Under the relevant legislation,, there is a distinct separation of function between the valuation of rateable property and the setting and collection of commercial rates. The amount of rates payable in any calendar year is a product of the valuation set by the Commissioner of Valuation multiplied by the Annual Rate on Valuation (ARV) decided annually by the elected members of each local authority.
Having a modern valuation base is very important for the levying of commercial rates on a fair and equitable basis across all economic sectors. The Valuation Acts provide for the revaluation of all rateable property within a rating authority area so as to reflect changes in value due to economic factors such as business turnover, differential movements in property values or other external factors and changes in the local business environment. A national revaluation programme is well underway and revisions of valuations can take place when the relevant circumstances of a rateable property occur.
A valuation for commercial rates purposes is arrived at by estimating the Net Annual Value(NAV) of the property in question, at a specified valuation date. The term “net annual value” is defined in section 48 of the Valuation Act 2001 and the NAV is applied to all rateable properties and classes of business on a nationwide basis.
Estimating the NAV of a rateable property is an evidence-based exercise. I am informed that, during a revaluation, the Valuation Office analyses relevant market rental transactions for all rateable properties, in accordance with the legislation, best practice internationally as set out in published Practice Guidance Notes, well-established valuation principles and case law arising from the independent Valuation Tribunal and the Courts. The conclusions drawn from that analysis are applied to similarly circumstanced property using the “comparative” method of valuation which, as the name implies, employs direct comparison with other similar properties.
All valuations determined for rating purposes under Part 5 of the Valuation Acts 2001-2015 must reflect open market rental values at the valuation date specified in the relevant Valuation Order made by the Commissioner of Valuation, and must also endeavour to be correct, equitable and uniform.
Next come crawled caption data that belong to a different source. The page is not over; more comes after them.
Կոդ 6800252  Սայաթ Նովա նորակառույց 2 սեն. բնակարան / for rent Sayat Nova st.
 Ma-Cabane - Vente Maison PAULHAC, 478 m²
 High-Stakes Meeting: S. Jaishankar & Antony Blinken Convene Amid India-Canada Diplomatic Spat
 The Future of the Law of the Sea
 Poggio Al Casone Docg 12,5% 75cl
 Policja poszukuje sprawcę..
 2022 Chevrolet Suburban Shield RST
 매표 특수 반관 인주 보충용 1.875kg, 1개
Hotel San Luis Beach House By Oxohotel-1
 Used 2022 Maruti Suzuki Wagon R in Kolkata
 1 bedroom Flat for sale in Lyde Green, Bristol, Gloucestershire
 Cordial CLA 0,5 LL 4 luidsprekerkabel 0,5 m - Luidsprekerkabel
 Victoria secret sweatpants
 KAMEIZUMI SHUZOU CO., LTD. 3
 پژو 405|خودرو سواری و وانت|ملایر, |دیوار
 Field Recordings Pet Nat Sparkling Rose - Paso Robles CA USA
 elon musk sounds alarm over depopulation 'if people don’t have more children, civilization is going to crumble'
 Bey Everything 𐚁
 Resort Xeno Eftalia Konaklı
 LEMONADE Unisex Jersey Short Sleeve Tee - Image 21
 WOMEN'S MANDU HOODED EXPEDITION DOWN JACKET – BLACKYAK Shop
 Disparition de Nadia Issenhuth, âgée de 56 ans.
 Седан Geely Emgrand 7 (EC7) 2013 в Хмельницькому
These are fundamental principles of any modern system of rateable valuation and are specifically enshrined since 2015 in the Valuation Acts.
There are a number of avenues of redress for an occupier of rateable property that is dissatisfied with a determination of valuation made under the provisions of the Valuation Acts, 2001-2015. Firstly, before a determination is made, there is a right to make representations to the Valuation Office in relation to a proposed valuation. Later in the process, if the occupier is still dissatisfied with the determination, there is a right of appeal to the Valuation Tribunal which is an independent body set up for the purpose of hearing appeals against determinations of the Valuation Office. There is also a right of appeal to the Courts on a point of law. Appeals are made on an individual case basis. However, the decision in one case can have relevance in other similar cases.